Create and manage generated columns

A generated column is a column that is always computed from other columns in a row. These columns can make a query simpler, save the cost of evaluating an expression at query time, and can be indexed or used as a foreign key. In this article, we'll describe how to manage this column type in your database.

Add a generated column to a new table

In the following CREATE TABLE snippet, we create a table to store information about users. We have columns for FirstName and LastName and define a generated column for FullName, which is the concatenation of FirstName and LastName. The SQL in parentheses is called the generation expression.

A generated column can be marked as STORED to save the cost of evaluating the expression at query time. As a result, the value of FullName is only computed when a new row is inserted or when FirstName or LastName is updated for an existing row. The computed value is stored along with other columns in the table.

GoogleSQL

CREATE TABLE Users (
Id STRING(20) NOT NULL,
FirstName STRING(50),
LastName STRING(50),
Age INT64 NOT NULL,
FullName STRING(100) AS (ARRAY_TO_STRING([FirstName, LastName], " ")) STORED,
) PRIMARY KEY (Id);

PostgreSQL

CREATE TABLE users (
id VARCHAR(20) NOT NULL,
firstname VARCHAR(50),
lastname VARCHAR(50),
age BIGINT NOT NULL,
fullname VARCHAR(100) GENERATED ALWAYS AS (firstname || ' ' || lastname) STORED,
PRIMARY KEY(id)
);

You can create a non-stored generated column by omitting the STORED attribute in the DDL. This kind of generated column is evaluated at query time and can make a query simpler. In PostgreSQL, you can create a non-stored generated column using the VIRTUAL attribute.

GoogleSQL

FullName STRING(MAX) AS (CONCAT(FirstName, " ", LastName))

PostgreSQL

fullname text GENERATED ALWAYS AS (firstname || ' ' || lastname) VIRTUAL
  • expression can be any valid SQL expression that's assignable to the column data type with the following restrictions.

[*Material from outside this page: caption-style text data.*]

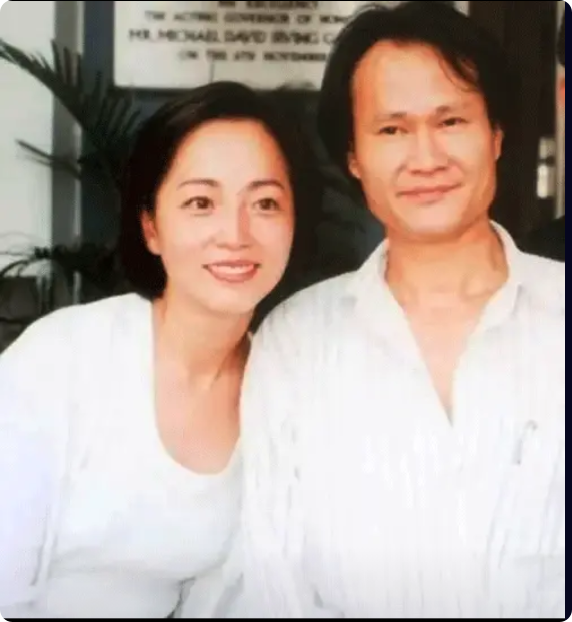 1996年，苑琼丹三次请求林正英娶她，但林正英始终坚决不答应。林正英去世后，她得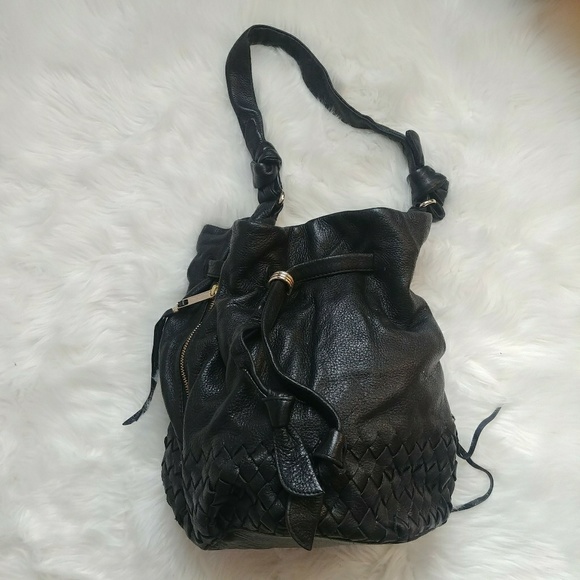 elliott lucca bucket bag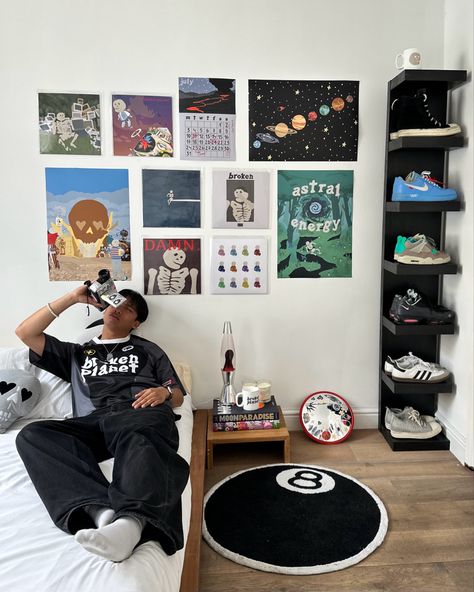 Mens Dorm Room, Men’s Aesthetic Bedroom, Boy Dorm Room Ideas, 8 Ball Rug, Uni Room Decor, Mens Room Decor, Mens Bedroom Decor, Hypebeast Room, Mens Room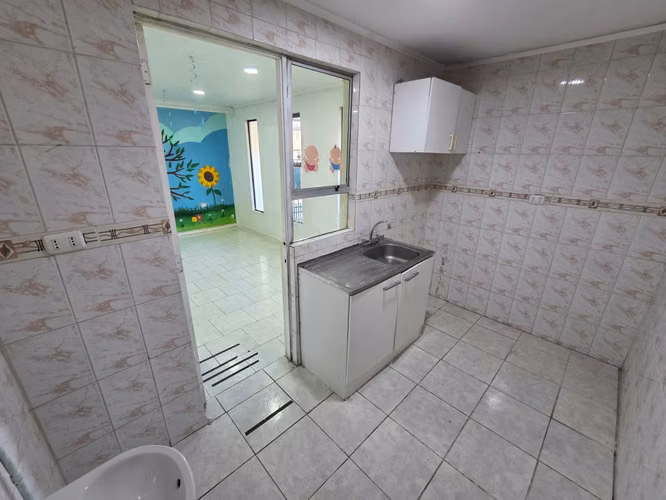 Vendo Casa con Uso Comercial - Jardines de Rauquén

    • The expression can only reference columns in the same table.

    • The expression can't contain subqueries.

    • Expressions with non-deterministic functions such as PENDING_COMMIT_TIMESTAMP(), CURRENT_DATE(), and CURRENT_TIMESTAMP() can't be made into a STORED generated column or a generated column that is indexed.

    • You can't modify the expression of a STORED or indexed generated column.

  • The STORED attribute that follows the expression stores the result of the expression along with other columns of the table. Subsequent updates to any of the referenced columns cause Spanner to re-evaluate and store the expression.

  • Generated columns that are not STORED can't be marked as NOT NULL.

  • Direct writes to generated columns aren't allowed.

  • Column option allow_commit_timestamp isn't allowed on generated columns or any columns that generated columns reference.

  • For STORED or generated columns that are indexed, you can't change the data type of the column, or of any columns that the generated column references.

  • You can't drop a column a generated column references.

  • You can use a generated column as a primary key with the following additional restrictions:

    • The generated primary key can't reference other generated columns.

    • The generated primary key can reference, at most, one non-key column.

    • The generated primary key can't depend on a non-key column with a DEFAULT clause.

  • The following rules apply when using generated key columns:

    • Read APIs: You must fully specify the key columns, including the generated key columns.
    • Mutation APIs: For INSERT, INSERT_OR_UPDATE, and REPLACE, Spanner doesn't allow you to specify generated key columns. For UPDATE, you can optionally specify generated key columns. For DELETE, you need to fully specify the key columns including the generated keys.
    • DML: You can't explicitly write to generated keys in INSERT or UPDATE statements.
    • Query: In general, we recommend that you use the generated key column as a filter in your query. Optionally, if the expression for the generated key column uses only one column as a reference, the query can apply an equality (=) or IN condition to the referenced column. For more information and an example, see Create a unique key derived from a value column.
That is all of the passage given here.